As Kirk was that rare conservative opponent of the first Gulf War (“A war in Kuwait? A war for an oil-can”), we can only imagine what he might have said of the second. With the election of George W. Bush and the subsequent invasions of Afghanistan and Iraq, not to mention the consequences of NAFTA, the housing meltdown, and the hollowing out of the American middle classes, in the years after his death, many of the concerns that Kirk expressed over neoconservatism have only come into higher relief.
It wasn’t “Zionism” or allegiance to “Tel Aviv” that proved the neoconservative undoing but rather an unquestioning faith for many in “fanciful democratic globalism” and “democratic capitalism,” as Kirk goes on to write, which he calls a “bit of neoconservative cant.” This “New World Order,” Kirk warns, would lead to an “inhumane economy—bent upon maximum productive efficiency, but heedless of personal order and public order.” Such a concern with the “gross national product and with ‘global wealth’” blinded such conservatives, Kirk argues, to the “swelling growth of a dismal urban proletariat, and the decay of the moral order.”
“You and I are in the death of the Marxist ideology,” Kirk concludes. As the Soviet Leviathan came to an end, he believed it must not be replaced with some American-made Colossus coming out of the “puerile infatuation of the neoconservatives with ‘a new ideology’ or an ‘American ideology.’” “Soviet hegemony ought not to be succeeded by American hegemony,” he writes. “Mr. Bush’s ‘New World Order’ may make the United States detested—beginning with the Arab peoples—more than even the Soviet empire was…. Increasingly, the states of Europe and the Levant may suspect that in rejecting Russian domination, they exchanged King Log for King Stork.” At the fall of the Evil Empire, Kirk feared most a rising imprudence in its conservative American vanquishers. “America soon is going to wipe out everything else; and in the dazzling delirious joy of that consummation, forgetting to ask what will happen afterward.”
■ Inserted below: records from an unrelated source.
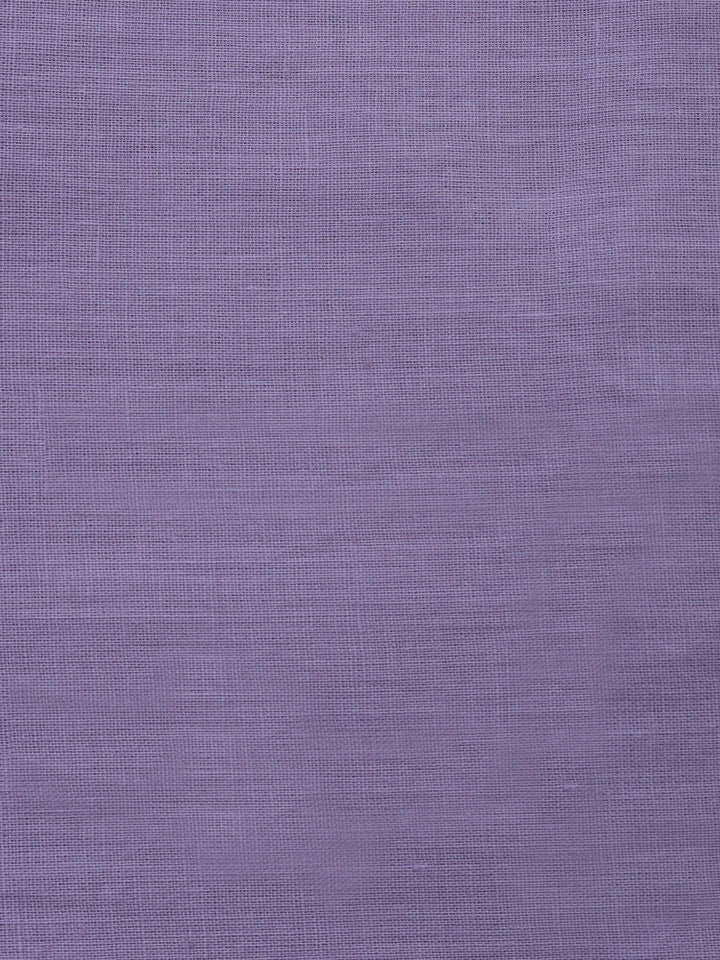 Lavender Embroidered Cotton Blend Unstitched Suit &amp; Pant With Cotton Dupatta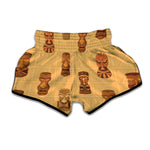 Tribal Tiki Mask Pattern Print Muay Thai Boxing Shorts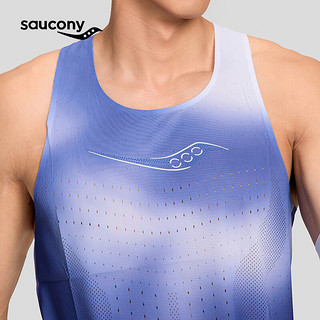 Saucony索康尼跑步背心男专业竞速马拉松吸湿排汗轻薄夏季跑步运动衫上衣 午夜蓝PR10 XL
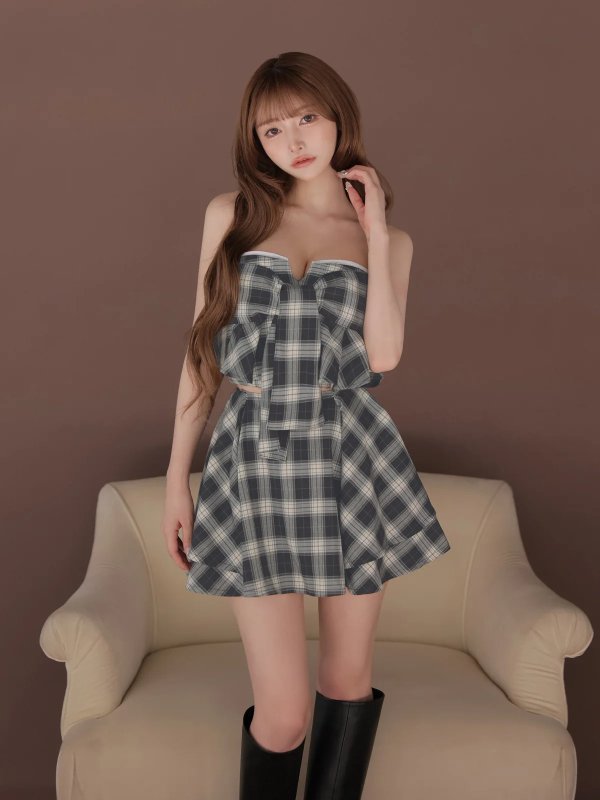 グレー　モデル：まみ　身長：161cm　着用サイズ：Sサイズ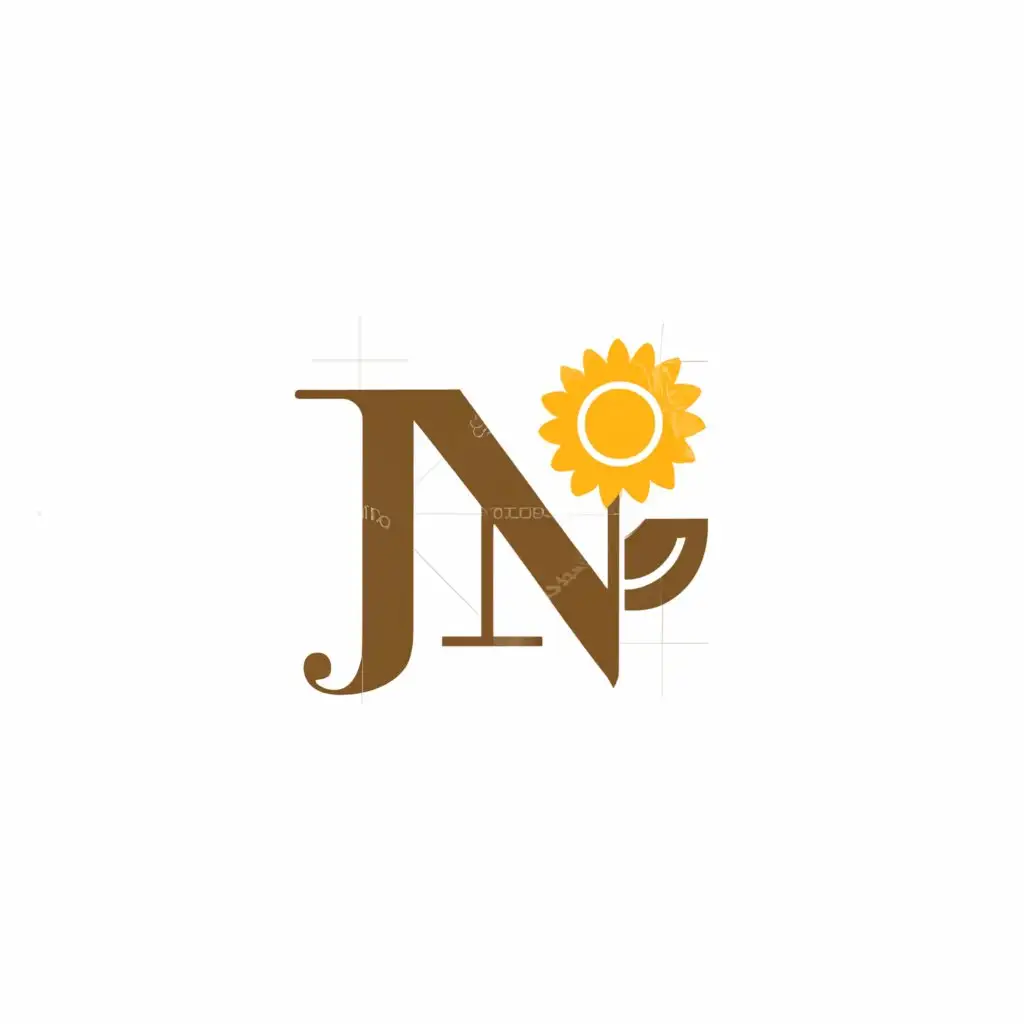 a logo design,with the text "J N", main symbol:sunflower,Moderate,be used in Internet industry,clear background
In one of the book’s final chapters, “Prospects for the Proletariat,” Kirk takes stock of the consequences of the New World Order in the fate of Detroit. The city was once the “arsenal of democracy.” Now it was falling into abandonment and decay. Could we see here the true result of unquestioning “democratic capitalism”: the uprooting of labor, the slicing up of the city’s fabric through public housing and Federal highway bills? An entire book might be written on Kirk’s critique of the automobile, which he called the “mechanical Jacobin.” Would America’s Rust Belt be any better today without a quarter century of adventurism abroad and “free minds and free markets” at home? Conservatives, Kirk warns, must not fall prey to a “latter-day Utilitarianism.” Free of ideology, conservatives should instead nurture a nation’s culture and the “complex of convictions, folkways, habits, arts, crafts, economic methods, laws, morals, political structures, and all the ways of living in community that have developed over the centuries.” Anything less, we might say, would be imprudent.
James Panero is the Executive Editor of The New Criterion.